## EXERCISE GOAL
Every record here must be set down once more, precisely as it reads.

(Saved data entries)

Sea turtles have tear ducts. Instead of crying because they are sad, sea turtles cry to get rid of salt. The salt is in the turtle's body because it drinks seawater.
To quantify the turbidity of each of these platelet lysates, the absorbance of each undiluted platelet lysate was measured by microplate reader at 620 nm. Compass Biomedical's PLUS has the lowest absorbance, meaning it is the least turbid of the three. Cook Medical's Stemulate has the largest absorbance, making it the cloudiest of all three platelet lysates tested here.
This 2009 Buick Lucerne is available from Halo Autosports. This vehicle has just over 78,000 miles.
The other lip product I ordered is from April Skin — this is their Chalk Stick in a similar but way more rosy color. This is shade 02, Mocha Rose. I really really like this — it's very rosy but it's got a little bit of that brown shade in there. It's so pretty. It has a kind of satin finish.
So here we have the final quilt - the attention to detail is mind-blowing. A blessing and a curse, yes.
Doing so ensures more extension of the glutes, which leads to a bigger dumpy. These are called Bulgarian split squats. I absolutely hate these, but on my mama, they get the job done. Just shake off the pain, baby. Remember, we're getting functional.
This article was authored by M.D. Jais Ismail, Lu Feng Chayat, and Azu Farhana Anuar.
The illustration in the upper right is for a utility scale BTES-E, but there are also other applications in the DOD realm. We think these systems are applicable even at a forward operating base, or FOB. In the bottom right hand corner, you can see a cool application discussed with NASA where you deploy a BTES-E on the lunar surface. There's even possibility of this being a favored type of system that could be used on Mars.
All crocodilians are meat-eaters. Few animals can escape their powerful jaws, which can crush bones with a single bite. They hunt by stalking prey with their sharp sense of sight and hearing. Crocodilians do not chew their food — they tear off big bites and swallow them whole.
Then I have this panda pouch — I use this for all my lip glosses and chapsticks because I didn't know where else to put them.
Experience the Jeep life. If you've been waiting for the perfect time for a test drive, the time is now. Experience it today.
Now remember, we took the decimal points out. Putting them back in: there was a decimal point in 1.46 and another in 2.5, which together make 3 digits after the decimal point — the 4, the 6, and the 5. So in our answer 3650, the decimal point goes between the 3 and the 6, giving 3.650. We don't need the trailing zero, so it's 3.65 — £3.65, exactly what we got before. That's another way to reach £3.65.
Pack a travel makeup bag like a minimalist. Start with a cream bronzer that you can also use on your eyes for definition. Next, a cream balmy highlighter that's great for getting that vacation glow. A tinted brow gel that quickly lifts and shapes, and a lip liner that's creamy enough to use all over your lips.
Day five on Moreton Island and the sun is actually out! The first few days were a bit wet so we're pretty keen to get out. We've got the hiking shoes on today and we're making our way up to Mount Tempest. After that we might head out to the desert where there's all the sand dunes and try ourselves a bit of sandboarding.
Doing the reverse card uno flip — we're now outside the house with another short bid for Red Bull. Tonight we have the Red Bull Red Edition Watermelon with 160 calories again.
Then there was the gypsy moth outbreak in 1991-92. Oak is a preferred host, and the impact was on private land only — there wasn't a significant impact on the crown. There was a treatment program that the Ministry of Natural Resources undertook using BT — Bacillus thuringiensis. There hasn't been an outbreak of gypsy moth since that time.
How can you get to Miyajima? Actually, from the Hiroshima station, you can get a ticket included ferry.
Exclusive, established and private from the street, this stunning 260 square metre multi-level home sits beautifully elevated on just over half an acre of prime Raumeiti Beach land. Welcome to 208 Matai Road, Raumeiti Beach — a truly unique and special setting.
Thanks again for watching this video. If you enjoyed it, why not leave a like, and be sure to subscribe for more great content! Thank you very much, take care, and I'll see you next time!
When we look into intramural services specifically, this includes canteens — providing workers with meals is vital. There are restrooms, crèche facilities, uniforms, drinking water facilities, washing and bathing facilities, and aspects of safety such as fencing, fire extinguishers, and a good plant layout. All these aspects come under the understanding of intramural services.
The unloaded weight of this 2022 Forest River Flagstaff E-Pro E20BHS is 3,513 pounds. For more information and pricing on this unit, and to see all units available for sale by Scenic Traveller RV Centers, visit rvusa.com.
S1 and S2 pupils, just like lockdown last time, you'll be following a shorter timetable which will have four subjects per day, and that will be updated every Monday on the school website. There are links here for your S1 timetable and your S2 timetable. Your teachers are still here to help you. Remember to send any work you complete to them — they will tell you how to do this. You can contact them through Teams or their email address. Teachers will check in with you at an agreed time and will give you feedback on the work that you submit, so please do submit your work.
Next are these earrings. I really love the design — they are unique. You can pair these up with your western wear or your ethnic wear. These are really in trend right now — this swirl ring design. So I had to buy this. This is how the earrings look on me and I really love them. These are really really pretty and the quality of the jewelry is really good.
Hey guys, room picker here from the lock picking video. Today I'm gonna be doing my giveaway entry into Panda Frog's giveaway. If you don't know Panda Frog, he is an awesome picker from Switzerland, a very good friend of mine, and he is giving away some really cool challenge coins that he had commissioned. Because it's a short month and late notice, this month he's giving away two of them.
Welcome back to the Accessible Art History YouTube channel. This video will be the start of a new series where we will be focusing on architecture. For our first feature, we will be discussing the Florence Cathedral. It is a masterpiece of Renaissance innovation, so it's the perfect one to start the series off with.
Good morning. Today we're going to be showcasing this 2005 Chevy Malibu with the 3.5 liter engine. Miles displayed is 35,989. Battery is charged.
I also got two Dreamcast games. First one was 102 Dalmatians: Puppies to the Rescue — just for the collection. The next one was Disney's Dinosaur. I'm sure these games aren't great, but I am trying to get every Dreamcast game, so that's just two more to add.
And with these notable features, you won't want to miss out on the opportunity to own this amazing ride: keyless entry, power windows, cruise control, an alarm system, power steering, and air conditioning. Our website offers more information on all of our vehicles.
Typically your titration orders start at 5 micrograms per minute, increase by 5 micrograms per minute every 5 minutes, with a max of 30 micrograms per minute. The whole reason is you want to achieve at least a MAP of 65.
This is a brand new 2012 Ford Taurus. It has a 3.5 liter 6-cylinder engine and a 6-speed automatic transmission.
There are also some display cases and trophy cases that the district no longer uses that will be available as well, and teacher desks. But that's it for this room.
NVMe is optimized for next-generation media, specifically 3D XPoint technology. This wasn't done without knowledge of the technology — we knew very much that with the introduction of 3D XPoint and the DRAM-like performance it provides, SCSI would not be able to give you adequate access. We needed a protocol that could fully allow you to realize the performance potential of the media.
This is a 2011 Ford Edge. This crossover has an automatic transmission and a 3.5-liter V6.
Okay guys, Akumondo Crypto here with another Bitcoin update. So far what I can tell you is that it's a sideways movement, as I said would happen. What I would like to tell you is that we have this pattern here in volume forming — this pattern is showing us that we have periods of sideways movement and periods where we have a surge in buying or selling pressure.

## TASK OUTPUT
Sea turtles have tear ducts. Instead of crying because they are sad, sea turtles cry to get rid of salt. The salt is in the turtle's body because it drinks seawater.
To quantify the turbidity of each of these platelet lysates, the absorbance of each undiluted platelet lysate was measured by microplate reader at 620 nm. Compass Biomedical's PLUS has the lowest absorbance, meaning it is the least turbid of the three. Cook Medical's Stemulate has the largest absorbance, making it the cloudiest of all three platelet lysates tested here.
This 2009 Buick Lucerne is available from Halo Autosports. This vehicle has just over 78,000 miles.
The other lip product I ordered is from April Skin — this is their Chalk Stick in a similar but way more rosy color. This is shade 02, Mocha Rose. I really really like this — it's very rosy but it's got a little bit of that brown shade in there. It's so pretty. It has a kind of satin finish.
So here we have the final quilt - the attention to detail is mind-blowing. A blessing and a curse, yes.
Doing so ensures more extension of the glutes, which leads to a bigger dumpy. These are called Bulgarian split squats. I absolutely hate these, but on my mama, they get the job done. Just shake off the pain, baby. Remember, we're getting functional.
This article was authored by M.D. Jais Ismail, Lu Feng Chayat, and Azu Farhana Anuar.
The illustration in the upper right is for a utility scale BTES-E, but there are also other applications in the DOD realm. We think these systems are applicable even at a forward operating base, or FOB. In the bottom right hand corner, you can see a cool application discussed with NASA where you deploy a BTES-E on the lunar surface. There's even possibility of this being a favored type of system that could be used on Mars.
All crocodilians are meat-eaters. Few animals can escape their powerful jaws, which can crush bones with a single bite. They hunt by stalking prey with their sharp sense of sight and hearing. Crocodilians do not chew their food — they tear off big bites and swallow them whole.
Then I have this panda pouch — I use this for all my lip glosses and chapsticks because I didn't know where else to put them.
Experience the Jeep life. If you've been waiting for the perfect time for a test drive, the time is now. Experience it today.
Now remember, we took the decimal points out. Putting them back in: there was a decimal point in 1.46 and another in 2.5, which together make 3 digits after the decimal point — the 4, the 6, and the 5. So in our answer 3650, the decimal point goes between the 3 and the 6, giving 3.650. We don't need the trailing zero, so it's 3.65 — £3.65, exactly what we got before. That's another way to reach £3.65.
Pack a travel makeup bag like a minimalist. Start with a cream bronzer that you can also use on your eyes for definition. Next, a cream balmy highlighter that's great for getting that vacation glow. A tinted brow gel that quickly lifts and shapes, and a lip liner that's creamy enough to use all over your lips.
Day five on Moreton Island and the sun is actually out! The first few days were a bit wet so we're pretty keen to get out. We've got the hiking shoes on today and we're making our way up to Mount Tempest. After that we might head out to the desert where there's all the sand dunes and try ourselves a bit of sandboarding.
Doing the reverse card uno flip — we're now outside the house with another short bid for Red Bull. Tonight we have the Red Bull Red Edition Watermelon with 160 calories again.
Then there was the gypsy moth outbreak in 1991-92. Oak is a preferred host, and the impact was on private land only — there wasn't a significant impact on the crown. There was a treatment program that the Ministry of Natural Resources undertook using BT — Bacillus thuringiensis. There hasn't been an outbreak of gypsy moth since that time.
How can you get to Miyajima? Actually, from the Hiroshima station, you can get a ticket included ferry.
Exclusive, established and private from the street, this stunning 260 square metre multi-level home sits beautifully elevated on just over half an acre of prime Raumeiti Beach land. Welcome to 208 Matai Road, Raumeiti Beach — a truly unique and special setting.
Thanks again for watching this video. If you enjoyed it, why not leave a like, and be sure to subscribe for more great content! Thank you very much, take care, and I'll see you next time!
When we look into intramural services specifically, this includes canteens — providing workers with meals is vital. There are restrooms, crèche facilities, uniforms, drinking water facilities, washing and bathing facilities, and aspects of safety such as fencing, fire extinguishers, and a good plant layout. All these aspects come under the understanding of intramural services.
The unloaded weight of this 2022 Forest River Flagstaff E-Pro E20BHS is 3,513 pounds. For more information and pricing on this unit, and to see all units available for sale by Scenic Traveller RV Centers, visit rvusa.com.
S1 and S2 pupils, just like lockdown last time, you'll be following a shorter timetable which will have four subjects per day, and that will be updated every Monday on the school website. There are links here for your S1 timetable and your S2 timetable. Your teachers are still here to help you. Remember to send any work you complete to them — they will tell you how to do this. You can contact them through Teams or their email address. Teachers will check in with you at an agreed time and will give you feedback on the work that you submit, so please do submit your work.
Next are these earrings. I really love the design — they are unique. You can pair these up with your western wear or your ethnic wear. These are really in trend right now — this swirl ring design. So I had to buy this. This is how the earrings look on me and I really love them. These are really really pretty and the quality of the jewelry is really good.
Hey guys, room picker here from the lock picking video. Today I'm gonna be doing my giveaway entry into Panda Frog's giveaway. If you don't know Panda Frog, he is an awesome picker from Switzerland, a very good friend of mine, and he is giving away some really cool challenge coins that he had commissioned. Because it's a short month and late notice, this month he's giving away two of them.
Welcome back to the Accessible Art History YouTube channel. This video will be the start of a new series where we will be focusing on architecture. For our first feature, we will be discussing the Florence Cathedral. It is a masterpiece of Renaissance innovation, so it's the perfect one to start the series off with.
Good morning. Today we're going to be showcasing this 2005 Chevy Malibu with the 3.5 liter engine. Miles displayed is 35,989. Battery is charged.
I also got two Dreamcast games. First one was 102 Dalmatians: Puppies to the Rescue — just for the collection. The next one was Disney's Dinosaur. I'm sure these games aren't great, but I am trying to get every Dreamcast game, so that's just two more to add.
And with these notable features, you won't want to miss out on the opportunity to own this amazing ride: keyless entry, power windows, cruise control, an alarm system, power steering, and air conditioning. Our website offers more information on all of our vehicles.
Typically your titration orders start at 5 micrograms per minute, increase by 5 micrograms per minute every 5 minutes, with a max of 30 micrograms per minute. The whole reason is you want to achieve at least a MAP of 65.
This is a brand new 2012 Ford Taurus. It has a 3.5 liter 6-cylinder engine and a 6-speed automatic transmission.
There are also some display cases and trophy cases that the district no longer uses that will be available as well, and teacher desks. But that's it for this room.
NVMe is optimized for next-generation media, specifically 3D XPoint technology. This wasn't done without knowledge of the technology — we knew very much that with the introduction of 3D XPoint and the DRAM-like performance it provides, SCSI would not be able to give you adequate access. We needed a protocol that could fully allow you to realize the performance potential of the media.
This is a 2011 Ford Edge. This crossover has an automatic transmission and a 3.5-liter V6.
Okay guys, Akumondo Crypto here with another Bitcoin update. So far what I can tell you is that it's a sideways movement, as I said would happen. What I would like to tell you is that we have this pattern here in volume forming — this pattern is showing us that we have periods of sideways movement and periods where we have a surge in buying or selling pressure.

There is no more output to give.